Another interesting post over at Vuurwapen Blog. Andrew talks about one of my favorite “tactical sacred cows”…the whole “you won’t be able to do that fine motor skill in combat” meme.
I was first told about “fine motor skills” while in the military; the explanation I was given was that anything to do with using my fingers under stress was a bad idea. That doing so would not work, that I just wouldn’t have the dexterity. I was told to use the bigger parts of my hand, or my fingers bunched together, to do any sort of weapon manipulation. This, they said, was a “gross” motor skill that would be better under stress, which apparently makes your fingers turn to jello.
However, I was also taught by other people to do things like punch buttons on military radios and put tiny needles in small veins, both of which require dexterity. In addition, both are skills which might be critical to saving lives under stress (or taking them, in the case of calling for fires). I also found, on my own time, that I could manipulate safeties and slide releases just fine with my thumbs.

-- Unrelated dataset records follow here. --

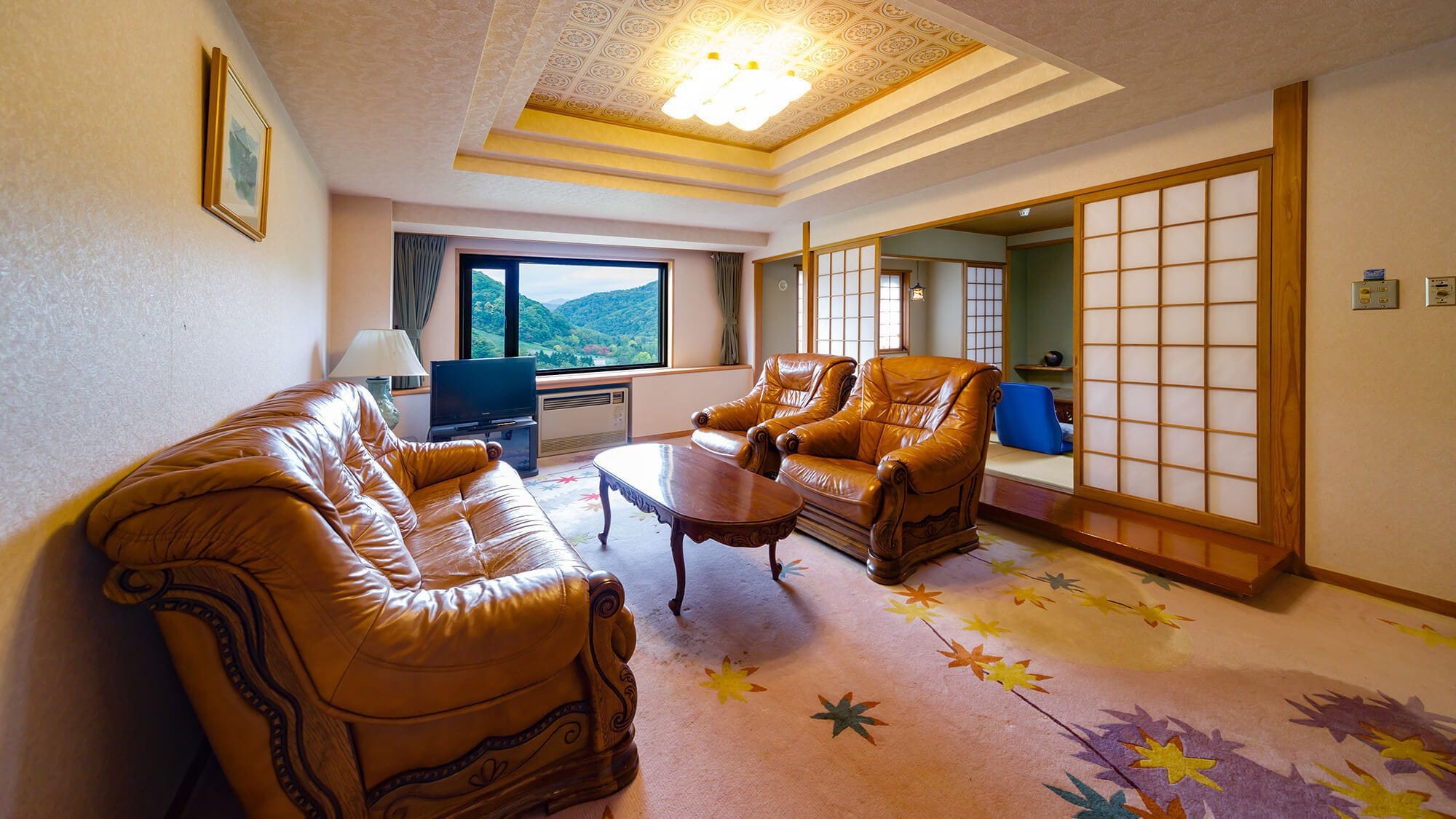 [Main Building] Top floor special room B type / Japanese-style room + living room + twin bed connecting room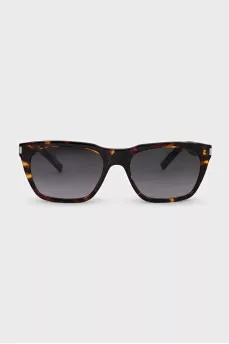 Men's sunglasses with gradient lenses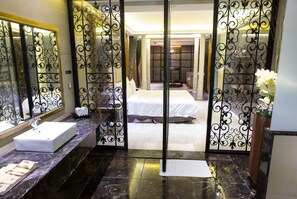 白金套房 (入住時間6pm開始) | 浴室 | 獨立浴缸及淋浴設備、免費梳洗用品、風筒、拖鞋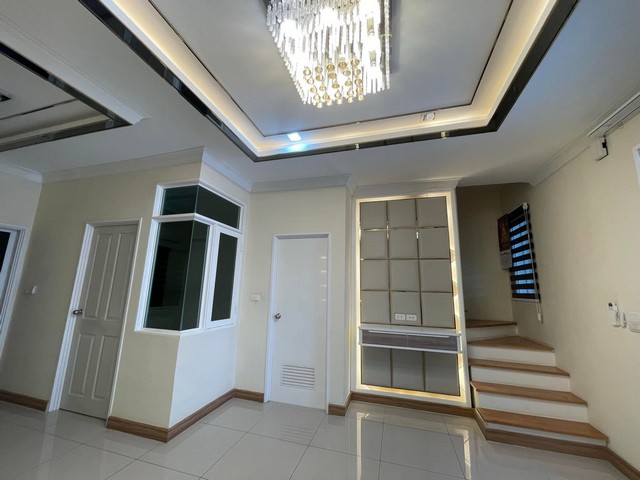 LV53090 ขาย โกลเด้น ทาวน์ รามอินทรา-วงแหวน ทาวน์โฮม 2 ชั้น ใกล้กับ รถไฟฟ้าสายสีชมพูรถไฟฟ้าสายสีเทา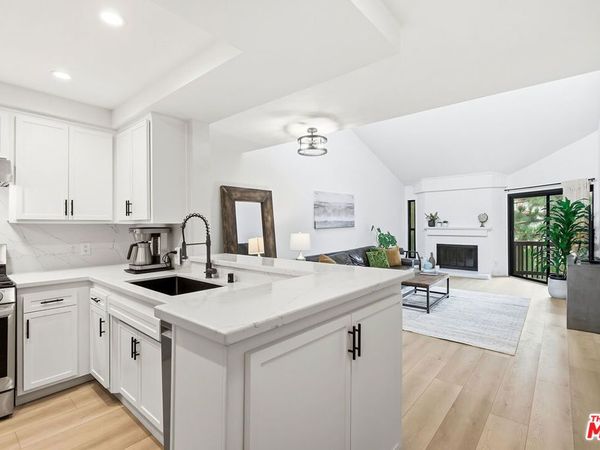 8515 Falmouth Avenue, Unit 419, Playa Del Rey, CA 90293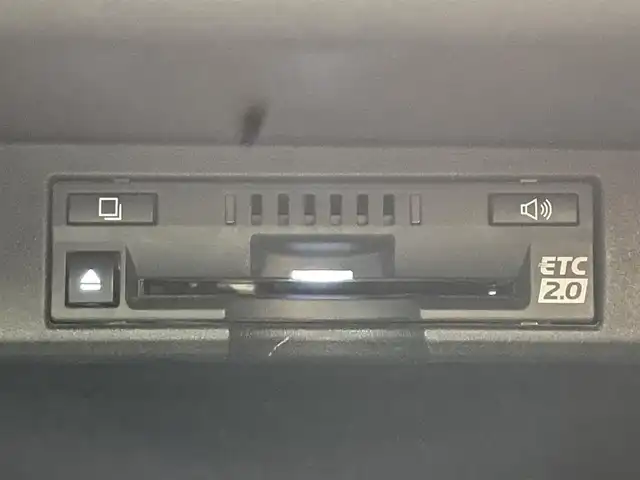 レクサス ＮＸ 300h Fスポーツ 道央・札幌 2019(令1)年 5.8万km ホワイトノーヴァガラスフレーク ・ワンオーナー/・サンルーフ/・４WD/・純正メモリーナビゲーション/　CD/DVD/フルセグ/SD/USB/AUX/Miracast/・全方位カメラ/・ビルトインETC2.0/・純正前方録画ドライブレコーダー/・１００V充電/・パワーバックドア/・PCS/・BSM/・PKSA/・PKSB/・RSA/・HUD/・横滑り防止装置/・LKA/・レザーシート/・前席シートヒーター/エアシート/・ステアリングヒーター/・電動格納リアシート/・LEDヘッドライト/・オートライト/・オートマチックハイビーム/・フロントフォグランプ/・前後コーナーセンサー/・レーダークルーズコントロール/・純正フロアマット/・純正AW18インチ/・スマートキー/・プッシュスタート/・MTモード付AT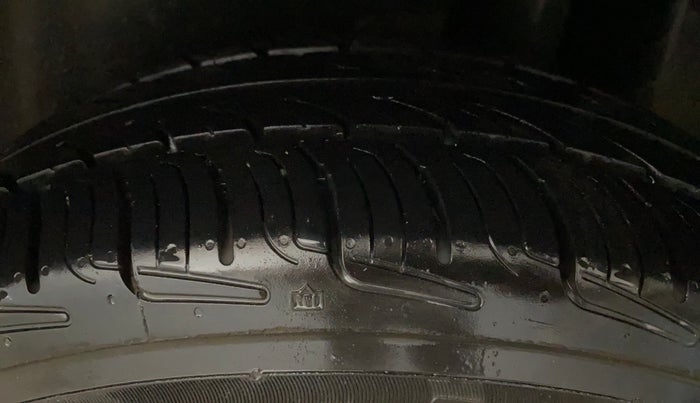 2018 Maruti Ciaz DELTA 1.5 SHVS MT PETROL, Petrol, Manual, 31,376 km, Left Rear Tyre Tread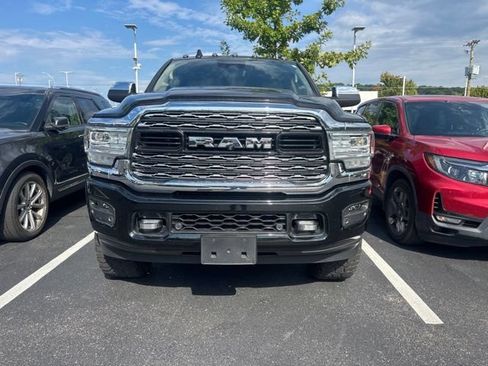 Used 2021 RAM 2500 Limited AWD/4WD image 2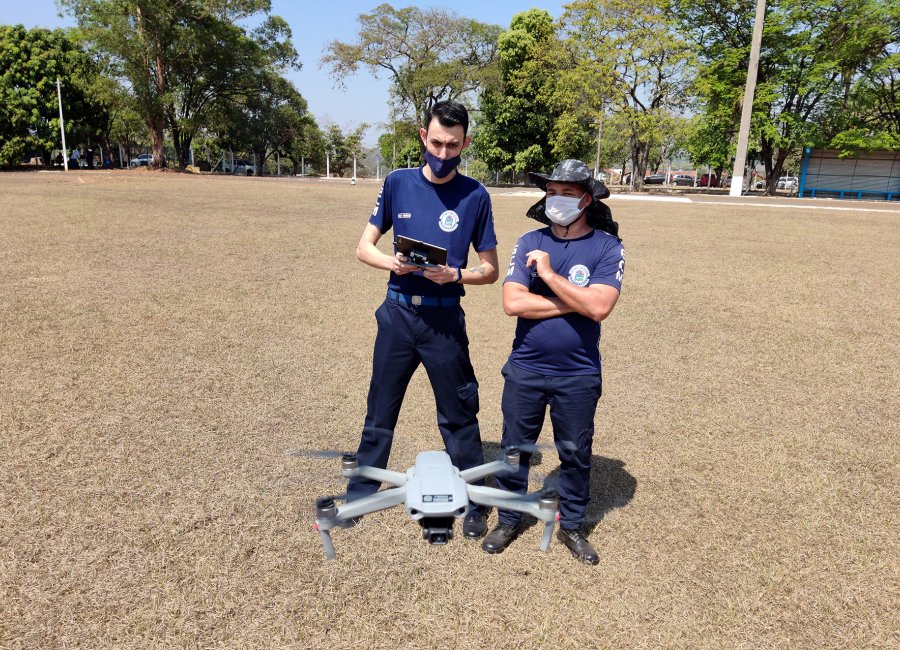 Guardas civis passam por curso de qualificação para manuseio de drone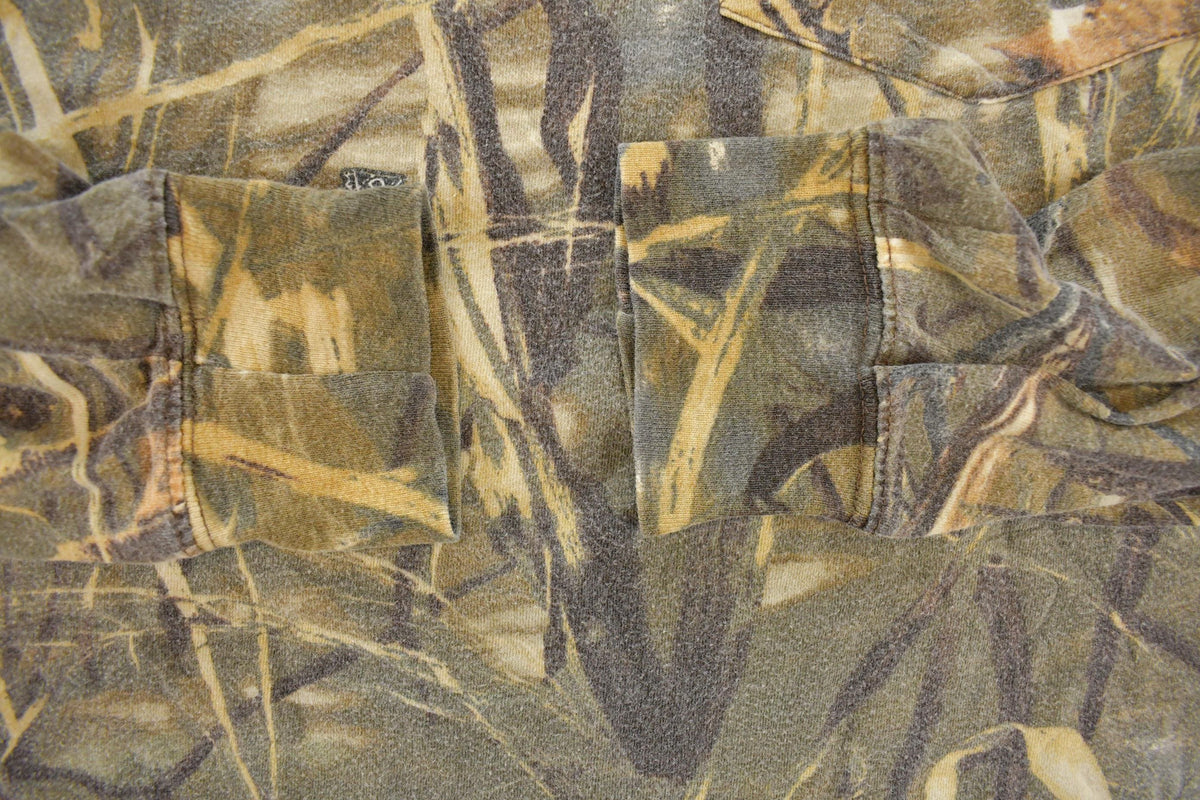 Vintage 1990s Russell Outdoors Real Tree Camouflage Crewneck Sweatshirt Men's M from propervintagecanada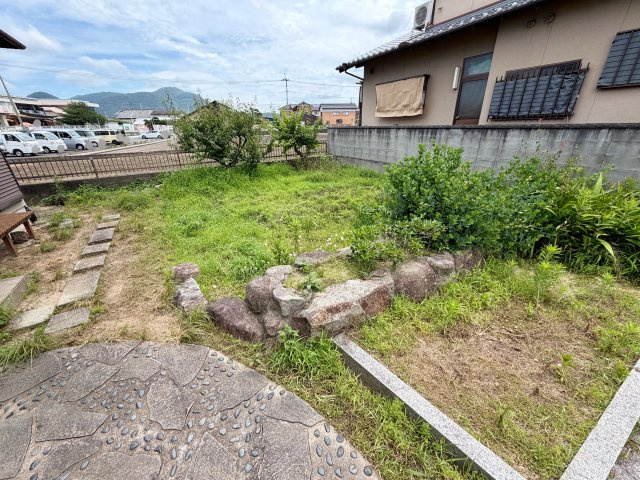 丸亀市飯山町川原　売戸建の庭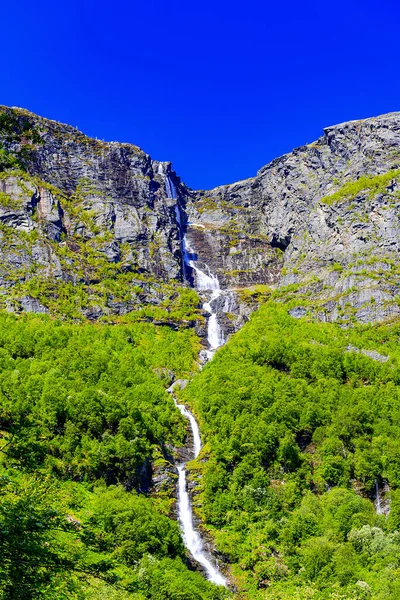 Landschaft Mit Wasserfall Norwegen — Stockfoto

The author goes onto explain that in his opinion the issue all comes down to ones familiarity and recent experience with a weapon system. I agree 100%. If you are unfamiliar with a weapon, finding the small buttons and levers under stress will indeed be more difficult than grabbing a slide and slingshotting it home. However, if you know the weapon like it’s part of your hand, it’s stupid to lose time doing “gross motor movements”.
I did some comparisons of handgun reloads back in this thread:
To be honest, I now use the slide release lever so unconsciously that I doubt I would ever do the overhand slingshot technique under stress.